岳南電車ら、静岡県富士市でスマートシティ構築の実現可能性調査 画像 岳南電車ら、静岡県富士市でスマートシティ構築の実現可能性調査

インバウンド・地域活性

 ◇発電設備新設し鉄道沿線施設に給電/発電排熱を製紙工場に供給
 岳南電車(静岡県富士市)と静岡県富士市、NEC(東京都港区)、ヒラテ技研(愛知県犬山市)の4者は、ローカル鉄道と連携したスマートシティー構築の実現可能性調査(FS)を実施する。同市に集積する製紙工場では紙の乾燥のため熱需要が多い点に着目。発電機を設置し、発電の際に発生する熱は工場で利用し、電気を近隣に配電。そのための電力自営線は鉄道用施設を利用することでコストを抑える。構想実現へ28日に第1回検討会を開催する。
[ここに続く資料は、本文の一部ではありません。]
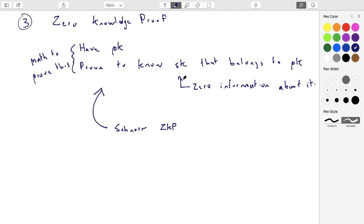Mechanically, if you want to understand philosophically what a digital signature is in the ECDSA model: I'm going to prove to you that I know the secret key that corresponds to a public key, and I'm going to staple that proof to a piece of data. Obviously you're doing this digitally, not physically. That's a signature — because the only person that could have issued that proof is the person who knows the private key, and because they chose the message to include, they're endorsing that message as well.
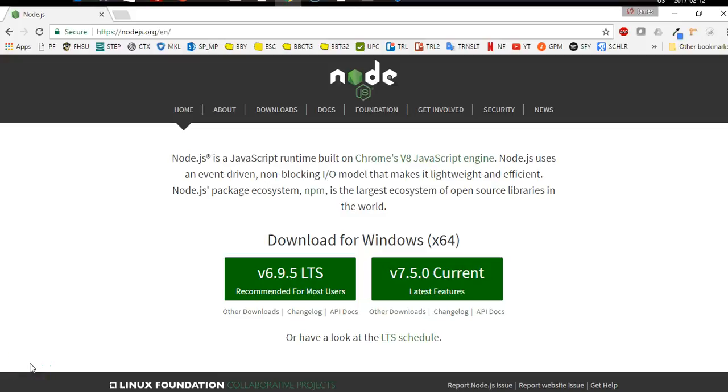Hello and welcome back to this course of videos on Node.js. In this video we'll be discussing the global object.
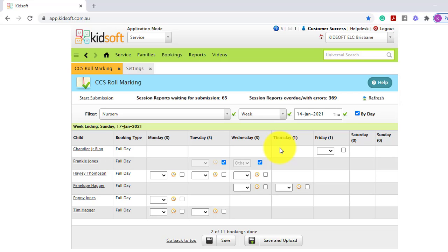CCS role marking is only required by action, therefore when a child is signed in or out using iCheck-in it will automatically be role marked each day.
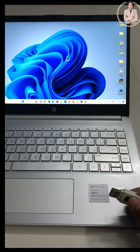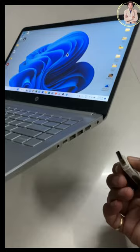In 60 seconds we will learn how to use a pen drive in a laptop. For that, insert your pen drive.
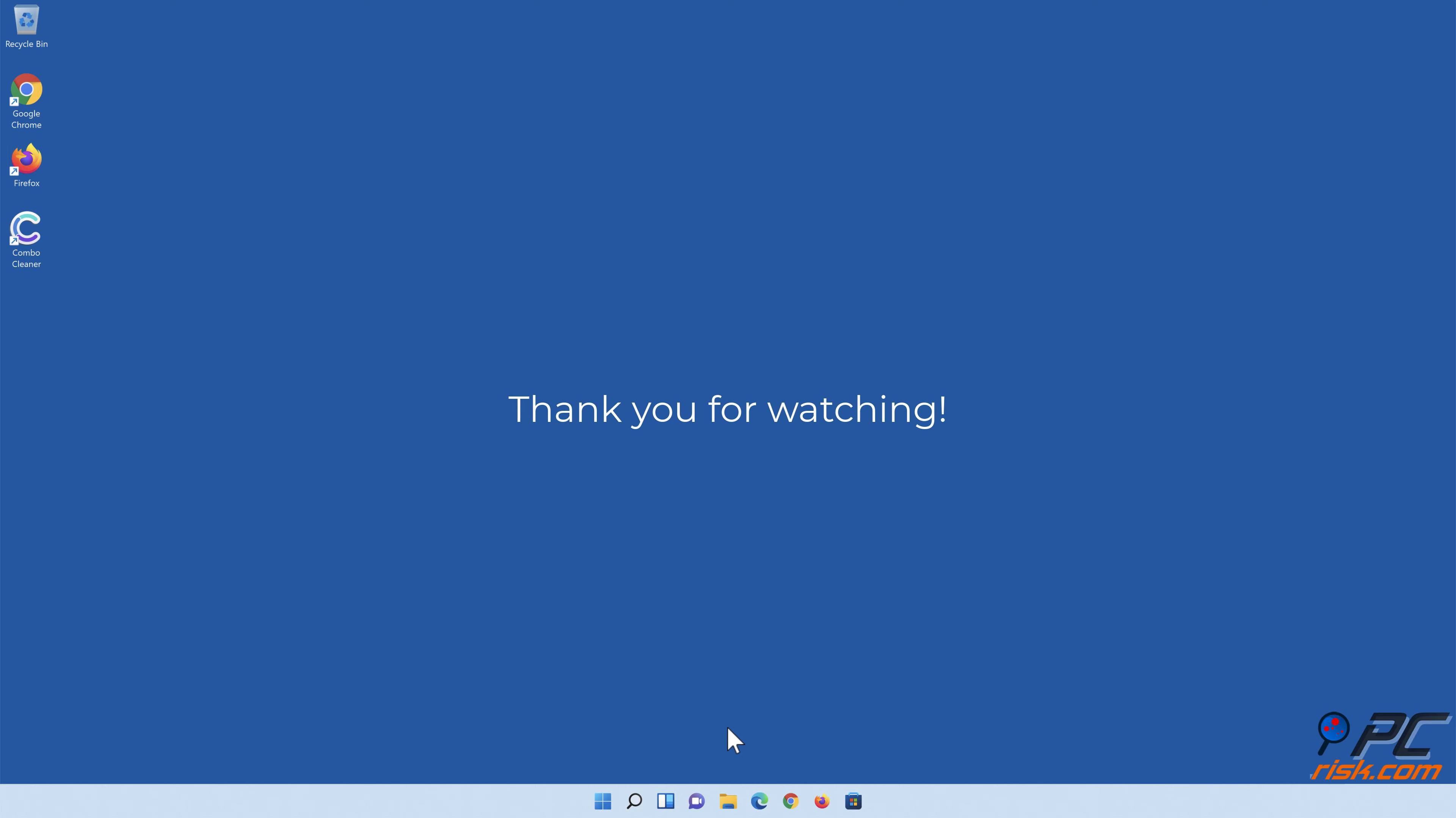Thank you for watching. If you found this video helpful, please consider subscribing to our channel.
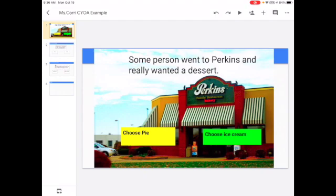To make my slides jump from one to another within a slideshow for my Choose Your Own Adventure Story, first I'm going to go to my storyboard and copy and paste my text.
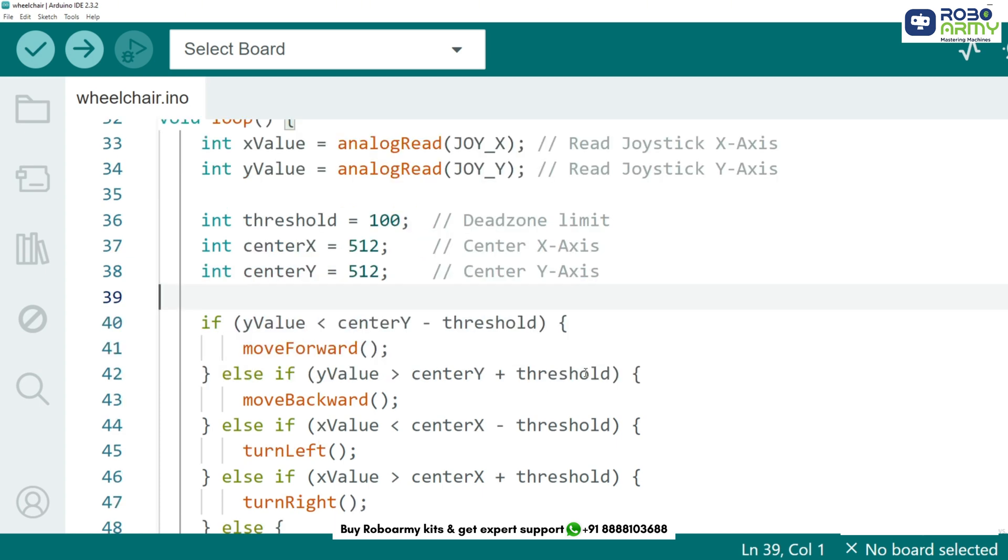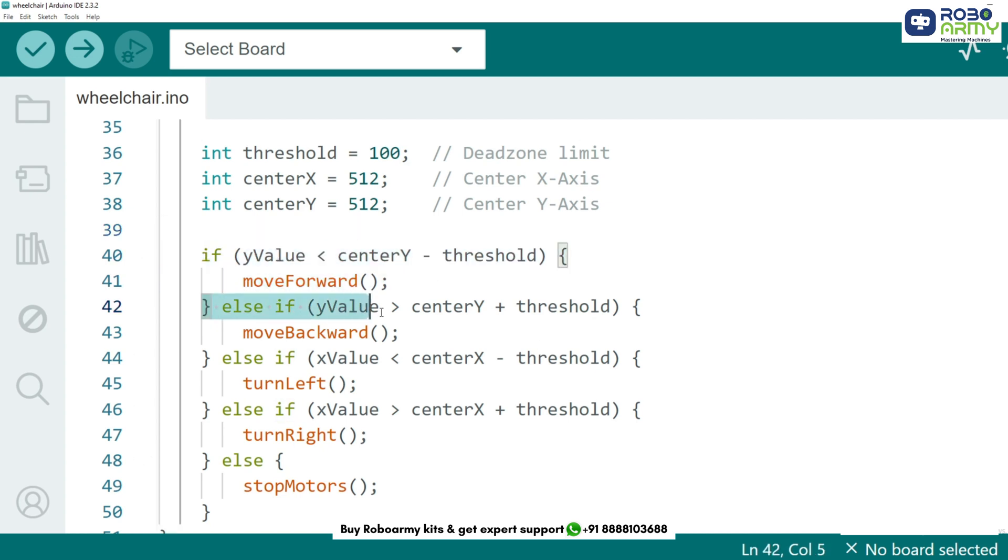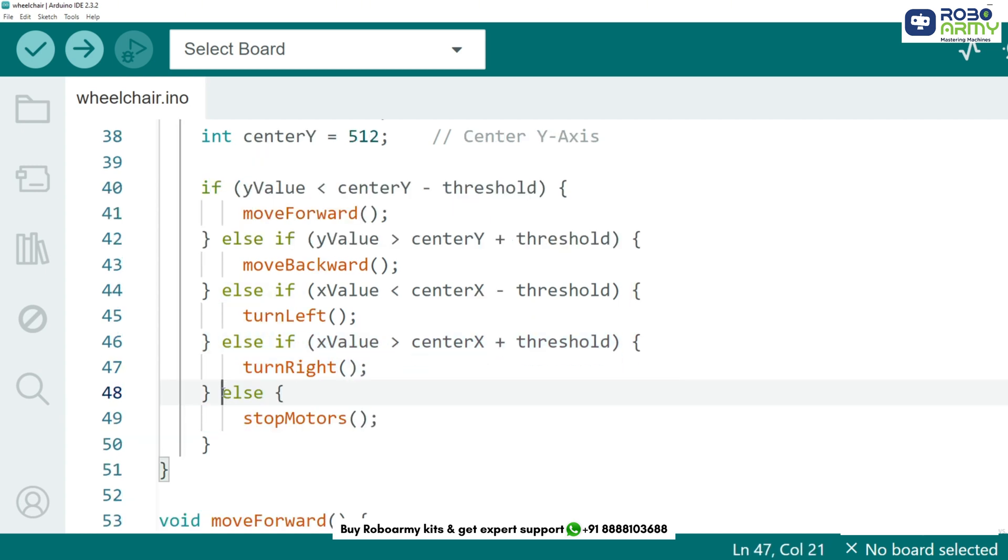Now we check the joystick position and control the motors accordingly. Forward movement, joystick up. Backward movement, joystick down. Turning left, joystick left. Turning right, joystick right. Stopping the motors, joystick center.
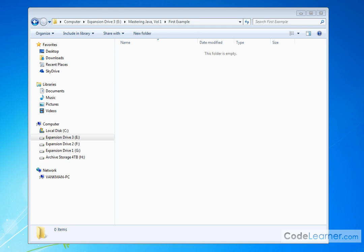Hello, welcome to this lesson of Mastering Java. I'm Jason from CodeLearner.com, and here we're finally going to type in and compile our very first Java program.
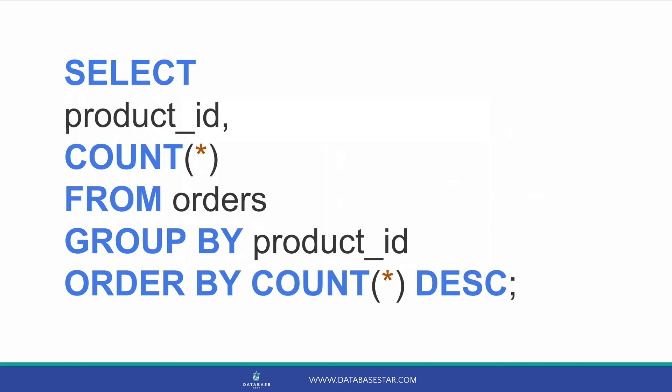You could even adjust this query slightly if you wanted to order your results. For example, if you wanted to see the number of orders per product sorted by the products with the most orders, you can add an ORDER BY count descending to your query. The ORDER BY has to go at the end, after the GROUP BY.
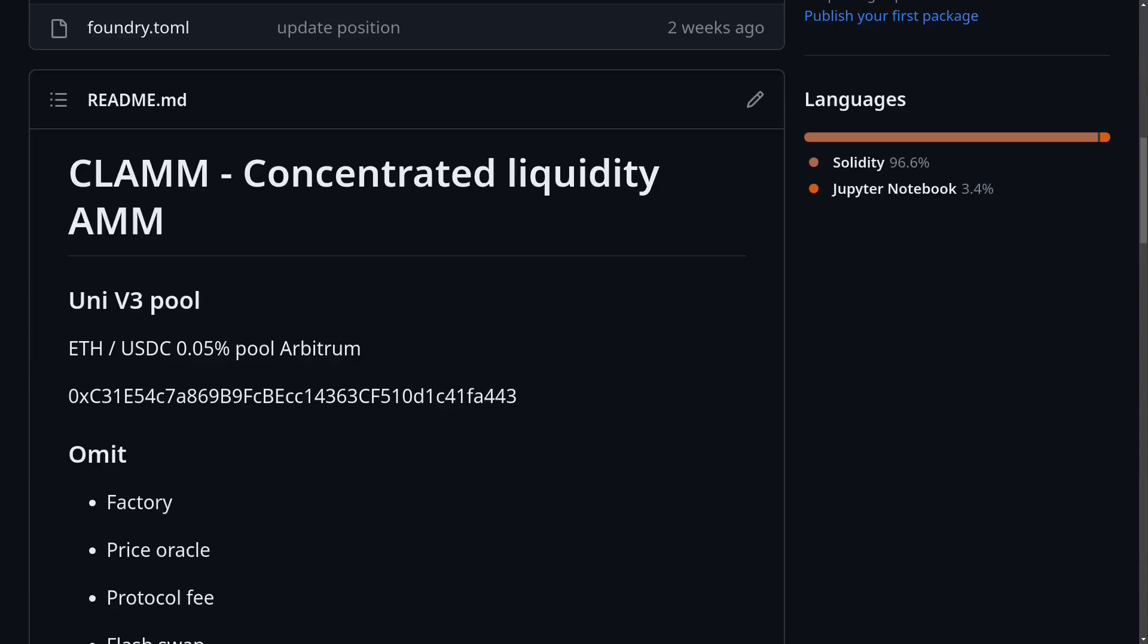Hello callers, it's time we learned Uniswap v3. This will be a series of videos where I explain how the Uniswap v3 pool contract works.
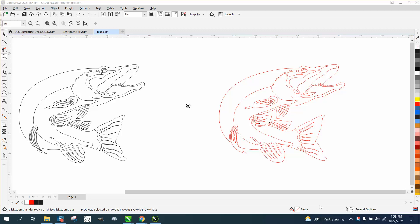Hi, it's me again with CorelDraw Tips and Tricks, and this is mainly gonna be for a plasma cutter, but any laser cutter, this particular video would also be true if you were gonna cut this fish out.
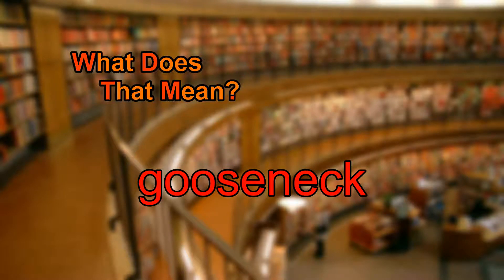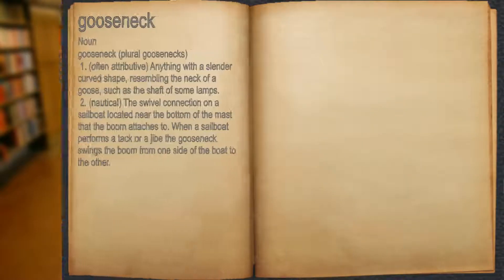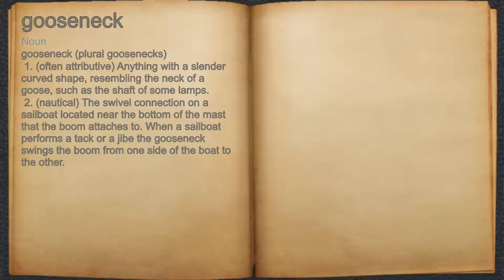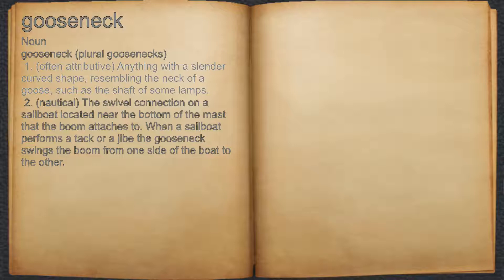What does Gooseneck mean? Gooseneck. Noun. 1. Often attributive, anything with a slender curved shape resembling the neck of a goose, such as the shaft of some lamps.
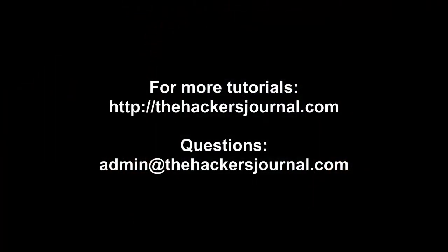For more tutorials, please go to thehackersjournal.com. Thank you.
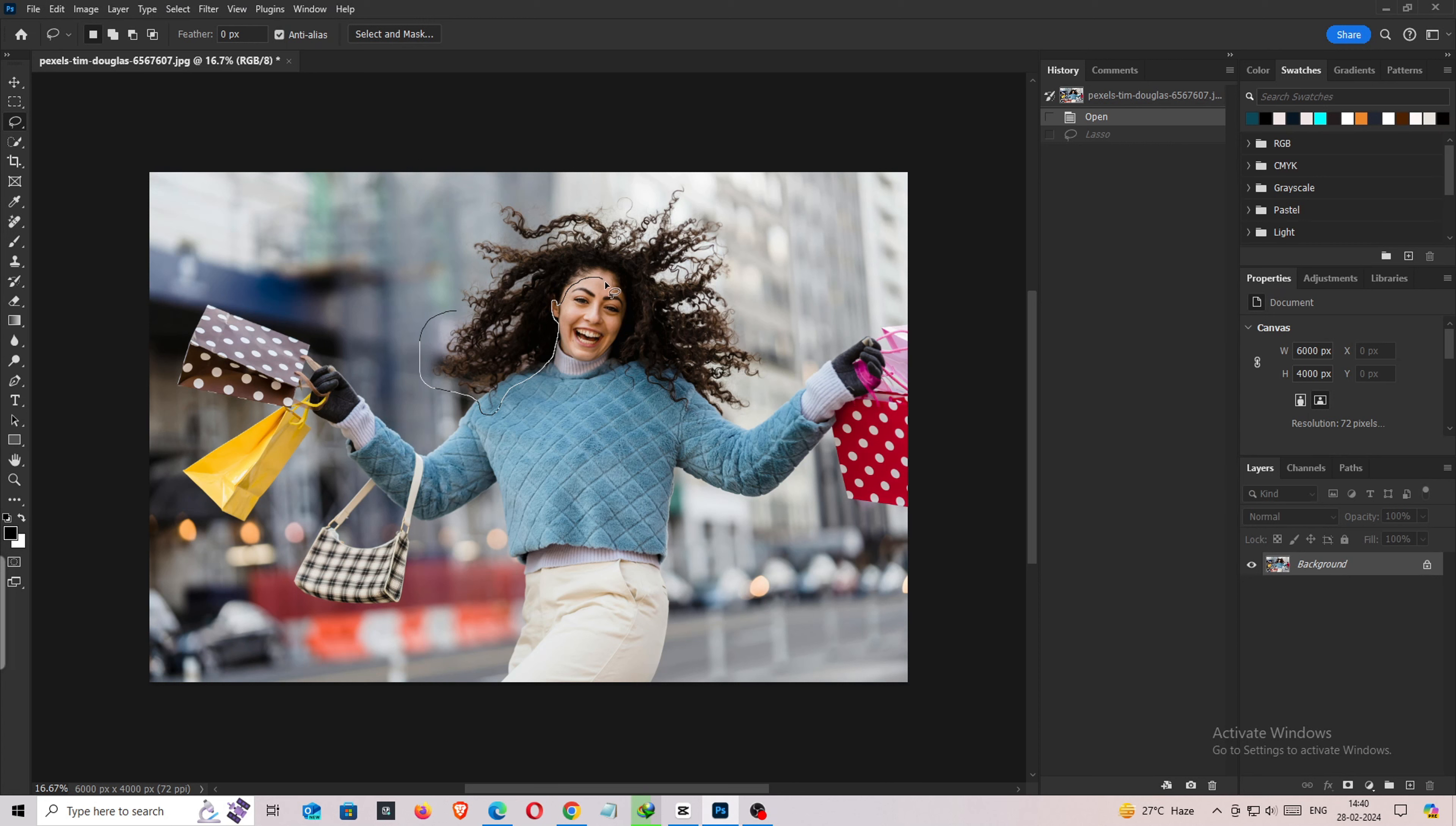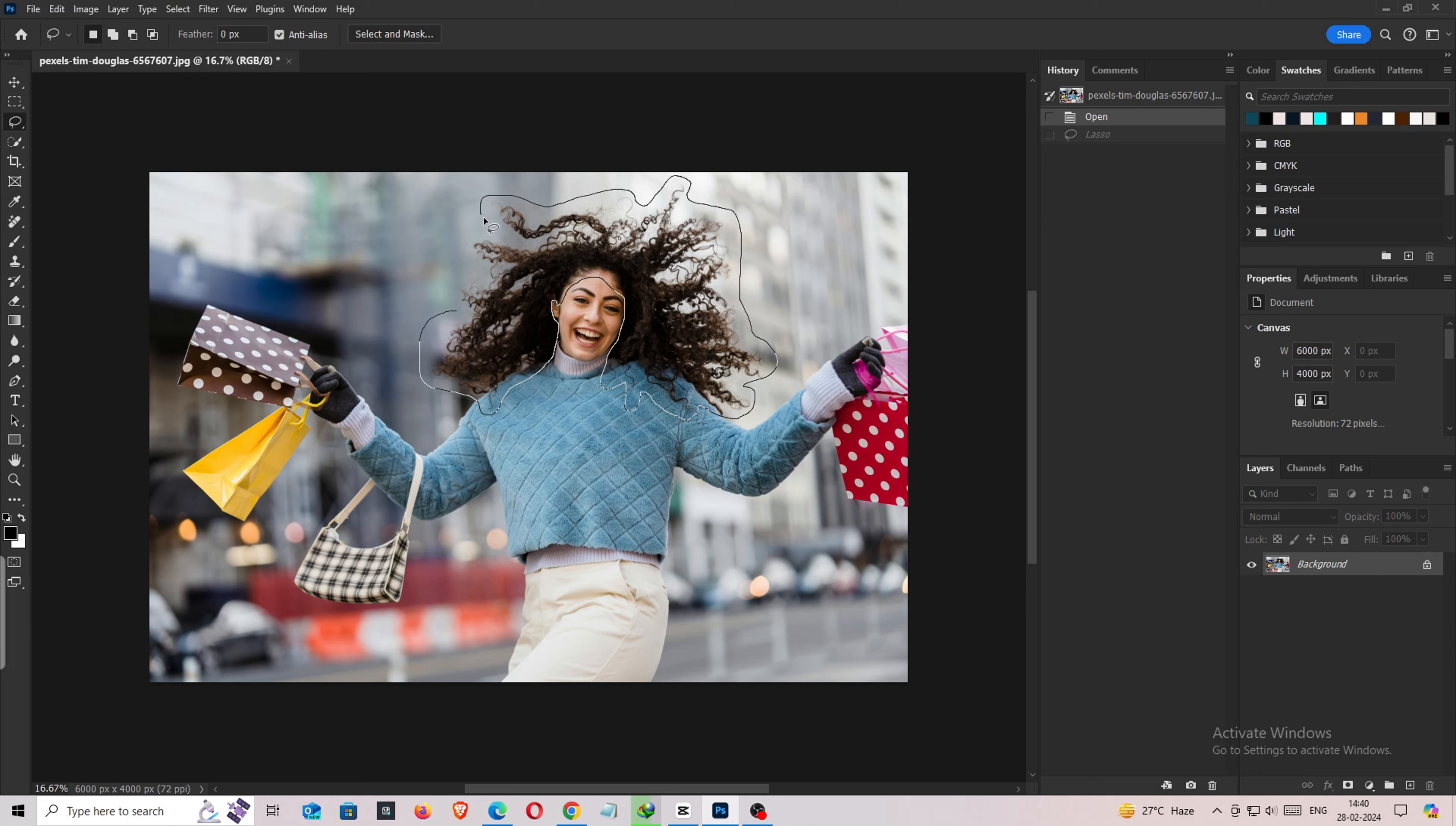In Photoshop, you can use the AI Generative Fill to change the style of curly hair. This tool uses artificial intelligence to generate new pixels based on the surrounding area, creating a more natural-looking result.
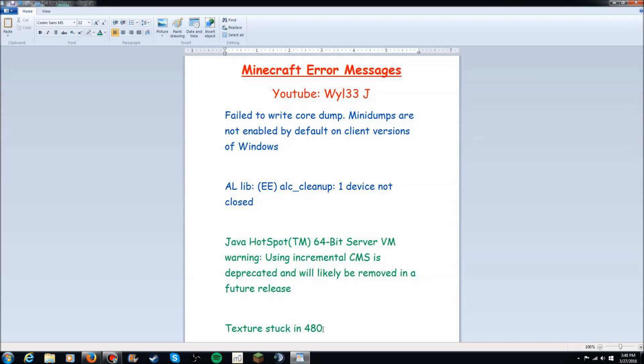What's up guys, you're here with Twilightjack and today I'm going to be doing something just a little bit different than usual. Today I'm going to be showing you how to stop your Minecraft from crashing.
 4者が共同提案(主申請者は岳南電車)した調査が、新エネルギー導入促進協議会から地産地消型再生可能エネルギー面的利用等推進事業(事業化可能性調査)の採択を受けた。富士市内には製紙工場が集積し、紙の乾燥時は低温の熱が必要。一方、発電事業では排熱の有効利用が課題となっている。
 このため、発電設備の発生熱は製造工場で利用し、電気を近隣に配電するための電力自営線を整備することについて事業化の可能性調査を行う。また、電力自営線は鉄道用施設の電柱を利用することで設置コストを削減する。製造工場であれば年間を通じて熱利用が可能なため、エネルギーの有効活用につながる。
 検討委員会には、市とスマートシティー協力協定を締結している横浜市が検討支援、東工大AES(ソリューション研究機構先進エネルギー国際研究センター)が技術支援の立場で参画。オブサーバーとして関東経済産業局、中部運輸局、東京電力、静岡ガス、静岡県が加わる。初会合では、今後の調査の進め方、スケジュールなどを確認。検討会は3回開催し、16年2月をめどに成果を取りまとめる考えだ。